For those wondering why exactly Labour vetoed plans for a new female deputy leader this morning over fears the role could undermine Jeremy Corbyn, look no further than Emily Thornberry's conference speech. This afternoon, the shadow foreign secretary offered a pretty good explanation as to why Corbyn's allies had become nervous about the idea of promoting a woman to second in command.
Fresh from talking movingly about her backstory in a fringe event (Isabel reports on part 1 of Thornberry's leadership launch here), Thornberry gave her boss a run for his money with a crowd-pleasing – at times barnstorming – speech which neatly set out the clear blue water between herself and the current Labour leader. Thornberry received a standing ovation in the hall as she compared anti-Semites on the Left to fascists:
'Conference, we must also honour the memory of the International Brigades, and lead the fight against the forces of fascism, of racism, and prejudice, and anti-semitism. Because that is what we have always done both at home and abroad, and that is what we must always do.'
Addressing Labour's anti-Semitism problem, Thornberry criticised those on the 'fringes of our movement' who use support for Palestine as a 'cloak for hatred of Jewish people'. This appears to go further than Corbyn has (unprompted) on the issue.

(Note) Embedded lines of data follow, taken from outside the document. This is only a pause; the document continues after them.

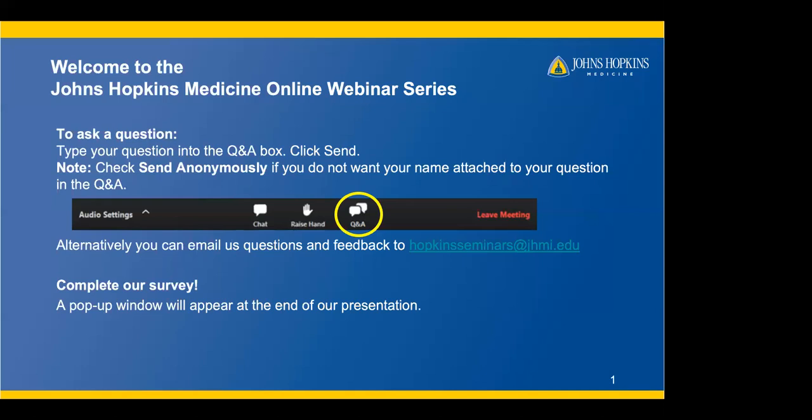Welcome to the Johns Hopkins Medicine online webinar series. Today, Johns Hopkins breast imaging radiologist Vipita Panagrahi and mammography technologist Ginger Hill will be speaking about types of breast imaging. Before we get started, we'd like to provide some user tips so that you are comfortable using this platform.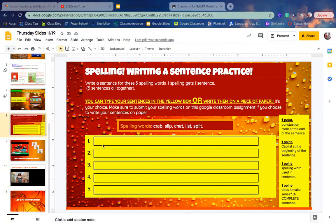Again, you can write your sentences in these five boxes or on a piece of paper. You need to have a sentence for each spelling word.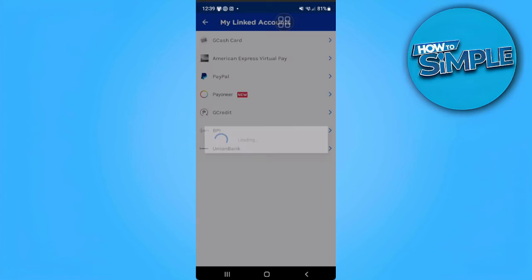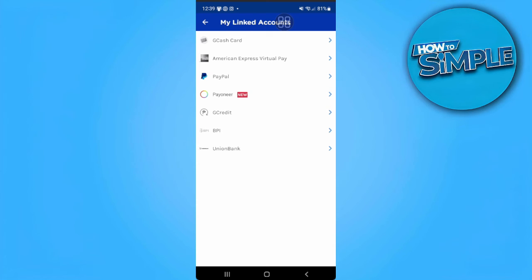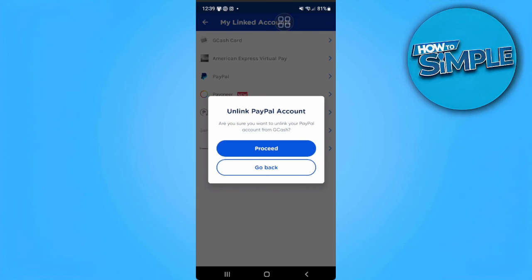From here you will see all of the linked accounts to your GCash. You will see PayPal, Payoneer, American Express, GCredit, and other payment methods that you can link to your account. Just select PayPal and it will automatically unlink your PayPal account from your GCash account.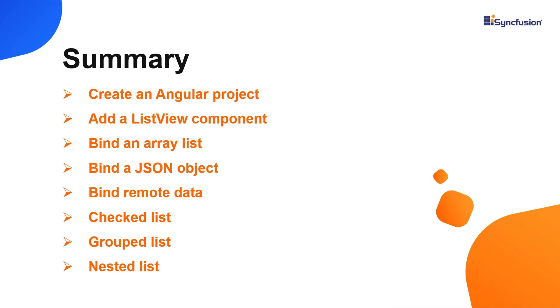You can download a working example from the GitHub link in the description for this video below. You can also see if you're eligible for our community license, which will provide you with a free license key to use our products. Thank you for watching this video. If you found it useful, give it a like and subscribe to our channel.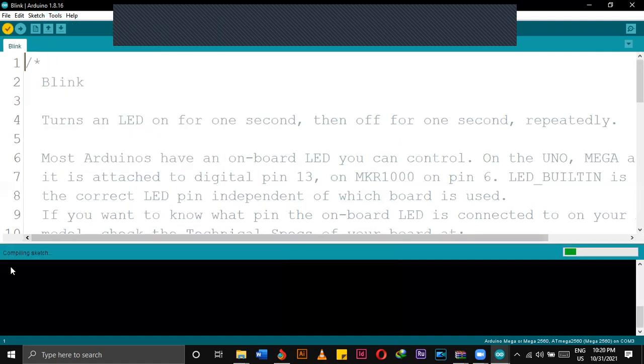After it has compiled, I can upload the code to my Arduino so then it will work accordingly.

It was hard to watch the speech and not read leadership ambition into it. Thornberry referenced Gandhi, Martin Luther King and Robert Kennedy. She said the party 'must start with uniting' itself so that it can then focus on taking the fight to the Tories. The tricky thing for Jeremy Corbyn is that when it comes to healing wounds in Labour, Thornberry is more of a unifying figure than him. Her speech has already won praise from several different wings of the party – whether Corbyn can do the same with his tomorrow remains in the air.